Friday, March 11, 2011

Slug Herb

Aneilema acuminatum
Family: COMMELINACEAE
What dreadful common names have been given to some of our native plants!
This dainty local plant is a relative of the wandering jew (Tradescantia species). Unlike that plant, which has become a serious environmental weed, this is an inoffensive little thing, common in our local rainforests, and useful for an authentic touch in a rainforest garden.
Each of the flower heads, on delicate foot-high upright stems, can produce several dozen little white three-petalled flowers, of which only one or two open at a time.
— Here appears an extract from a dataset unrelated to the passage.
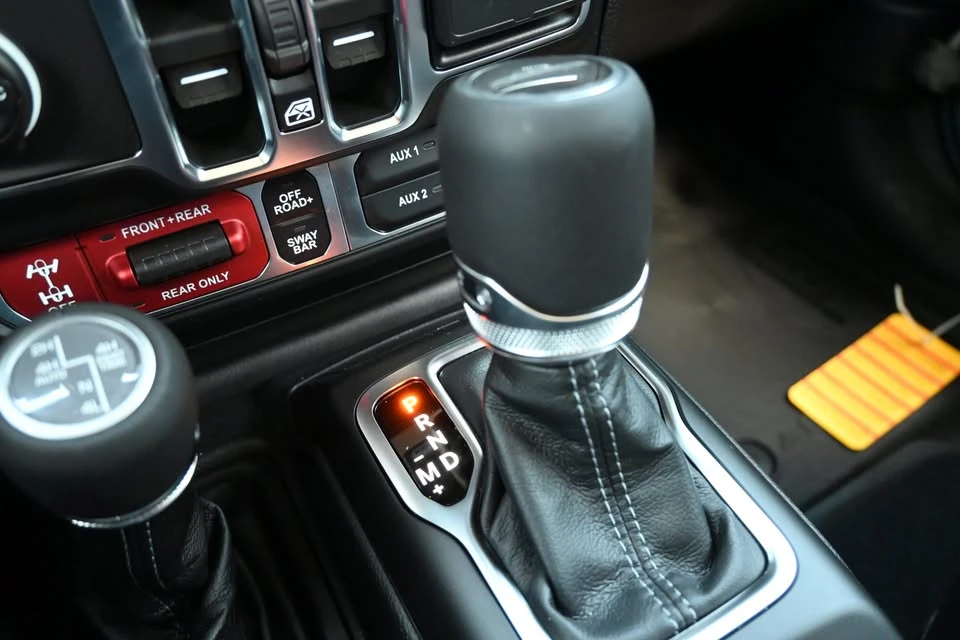 2026 Jeep JT Gladiator - Image 10 of 19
We usually see it as an understorey plant, wandering through the mulch of rainforests, never growing strongly enough to crowd out other plants. It flowers in dense shade, the white flowers gleaming in the shadows, and this would probably be the best garden use for it. However it can be grown in places where it receives full sun for part of the day, provided it is well-mulched and receives adequate water. In that situation, the leaves form a dense summer groundcover. They are knocked back by frost, but mulch protects the roots, so the plant recovers as soon as warmer weather comes around.
Like all our dry rainforest plants, it is drought hardy. If grown on Toowoomba redsoil, the natural rainfall (or lack of it) is enough to keep it flourishing.
It is said to be a magnet for snails and slugs, which is a good reason not to waste water on it, as these pests thrive best where foliage is wet.